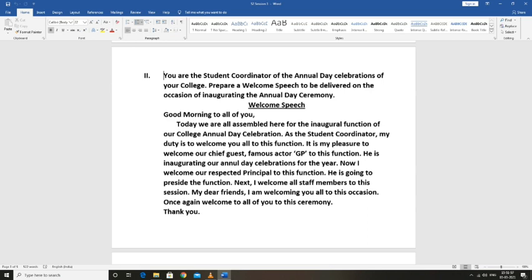I welcome all staff members to this session. My dear friends, I am welcoming you all to this occasion. Thank you.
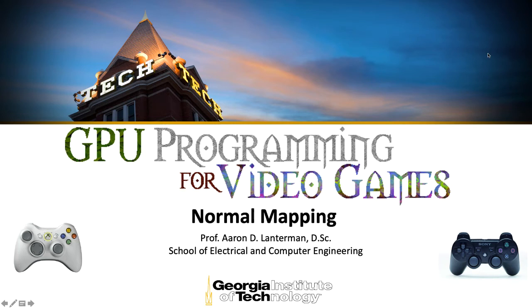Hi there, my name is Aaron Lancherman. I'm a professor of electrical and computer engineering at Georgia Tech, and this is the summer 2020 offering of GPU programming for video games.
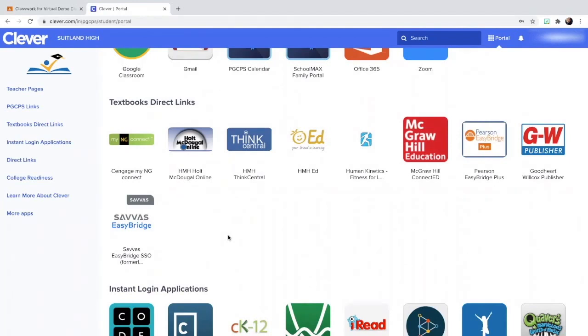And for math, your math teacher will provide you with the resources that you need in order to access your math resources. So make sure to ask questions about that during the first day of school. But everything is in Clever.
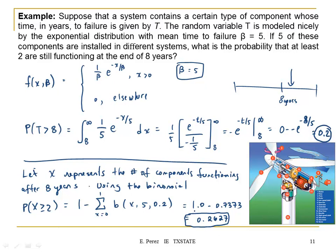For the purpose of the exam, we're going to stop at the normal distribution. The exponential is not going to be covered in the exam, so study up to the material for the normal. The binomial is part of the exam. If you have questions, stop by my office.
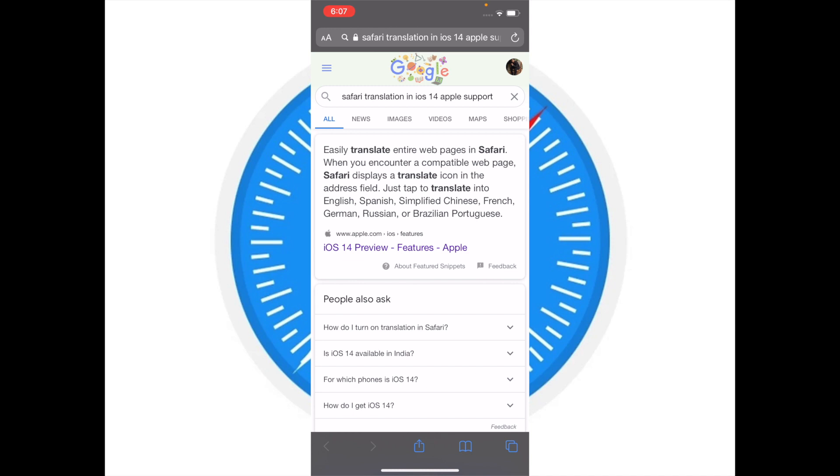Safari's built-in translator currently supports only a few languages like English, Spanish, simplified Chinese, French, German, Russian, and Brazilian Portuguese. So make sure the language you are trying to translate is supported by Safari.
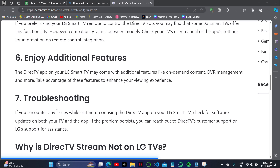If you encounter any issue while setting up your DirecTV app on your LG Smart TV, you can simply check for software updates on both your TV and the application. This is how you can connect it — thank you so much for watching, and please subscribe to the channel.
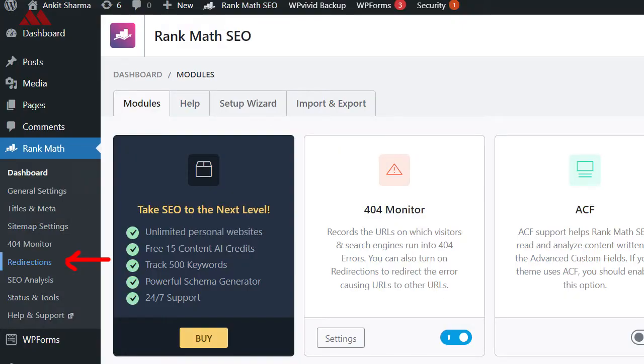If you have a WordPress website, there are various plugins you can use to add this redirect on your pages. If you are using Rank Math, you have a redirect option built right into the plugin. Apart from that, 301 permanent redirects are also widely used by affiliate marketers.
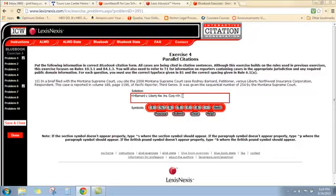The examples show that you give the case name, then you give the public domain information. Here we have a case from 2008 — it's a Montana Supreme Court case. For Supreme Court cases in public domain citation, we give the postal abbreviation for the state. If we give no other information about the court, the reader will assume it's the highest court in the jurisdiction. So we're good with just the postal abbreviation: 2008 MT. Then we need the sequential order of the decision, which the problem tells us is 254. So we've got the public domain information: 2008 MT 254.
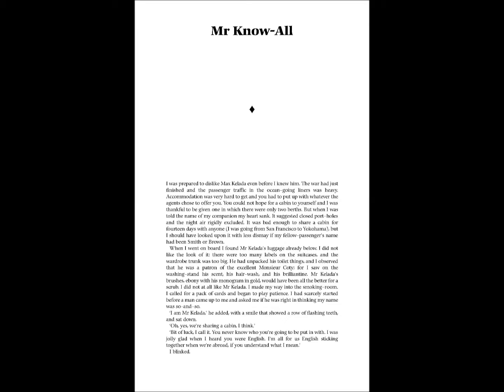When I went on board, I found Mr. Kelada's luggage already below. I did not like the look of it. There were too many labels on the suitcases, and the wardrobe trunk was too big. He had unpacked his toilet things, and I observed that he was a patron of the excellent Monsieur Coty. For I saw on the washing stand his scent, his hair wash, and his brilliant cream. Mr. Kelada's brushes, ebony with his monogram in gold, would have been all the better for a scrub. I did not at all like Mr. Kelada.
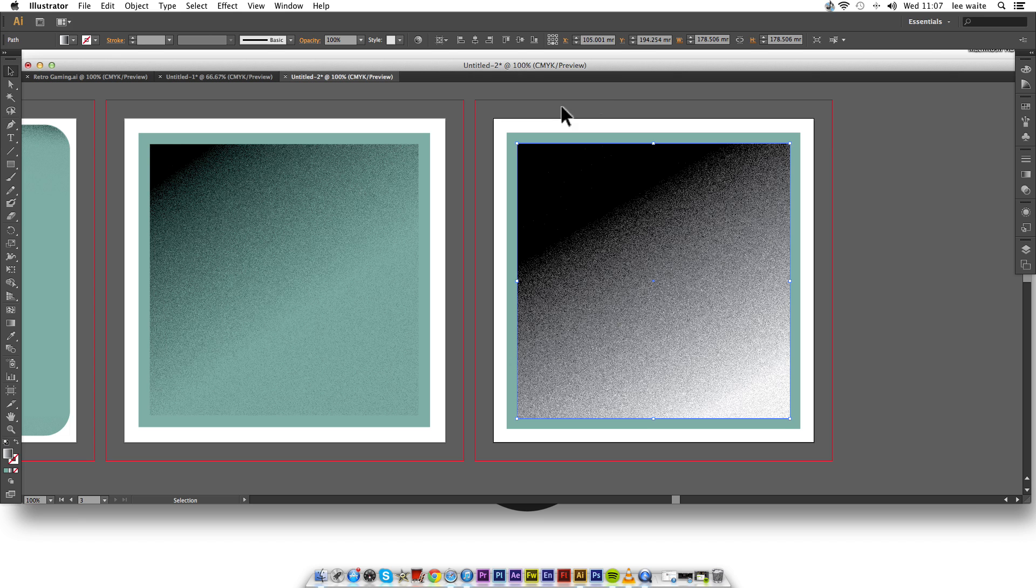And as you can see, we have this technique. We have the grain on the gradient. Pretty simple so far. Not too hard to follow along.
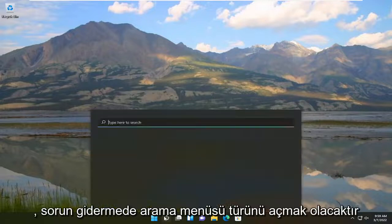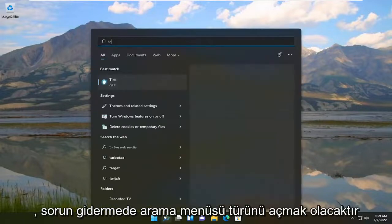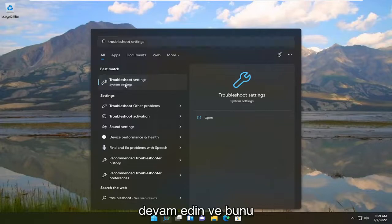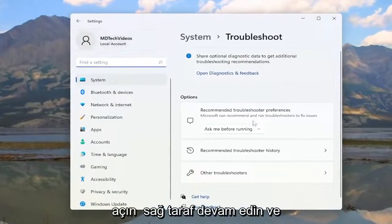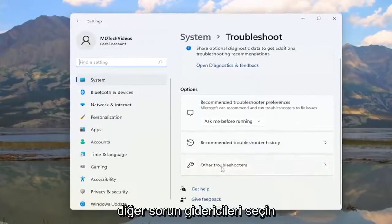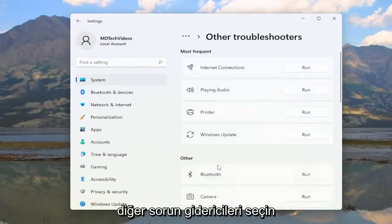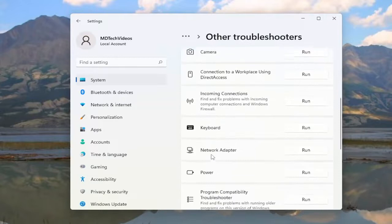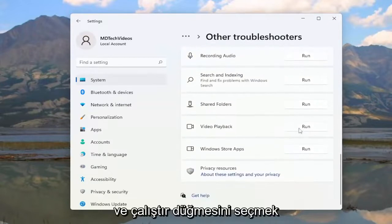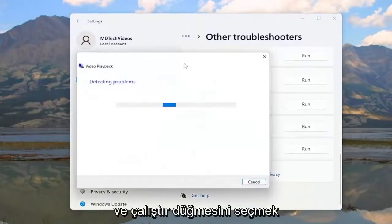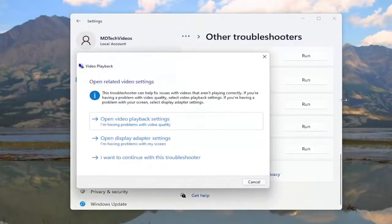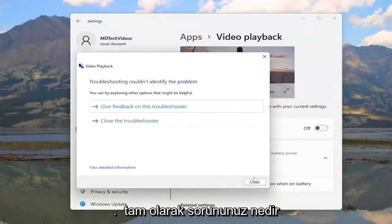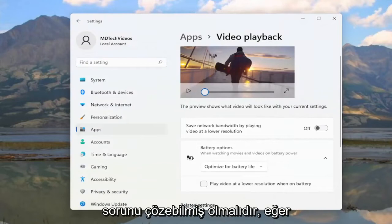The first thing I recommend doing is to open up the search menu, type in 'troubleshoot,' and the best match should come back with Troubleshoot Settings — go ahead and open that up. On the right side, select 'Other troubleshooters,' then scroll down to 'Video Playback' and select the Run button. Follow along with the on-screen prompts for your specific issue, and hopefully that should resolve the problem.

++++++++++++++++++++

• **Assignment**:
From the line that contains "And as you can" down to the last line of the entries above, copy every line exactly and leave out the pictures.

• **Response to the task**:
And as you can see, we have this technique. We have the grain on the gradient. Pretty simple so far. Not too hard to follow along.
The first thing I recommend doing is to open up the search menu, type in 'troubleshoot,' and the best match should come back with Troubleshoot Settings — go ahead and open that up. On the right side, select 'Other troubleshooters,' then scroll down to 'Video Playback' and select the Run button. Follow along with the on-screen prompts for your specific issue, and hopefully that should resolve the problem.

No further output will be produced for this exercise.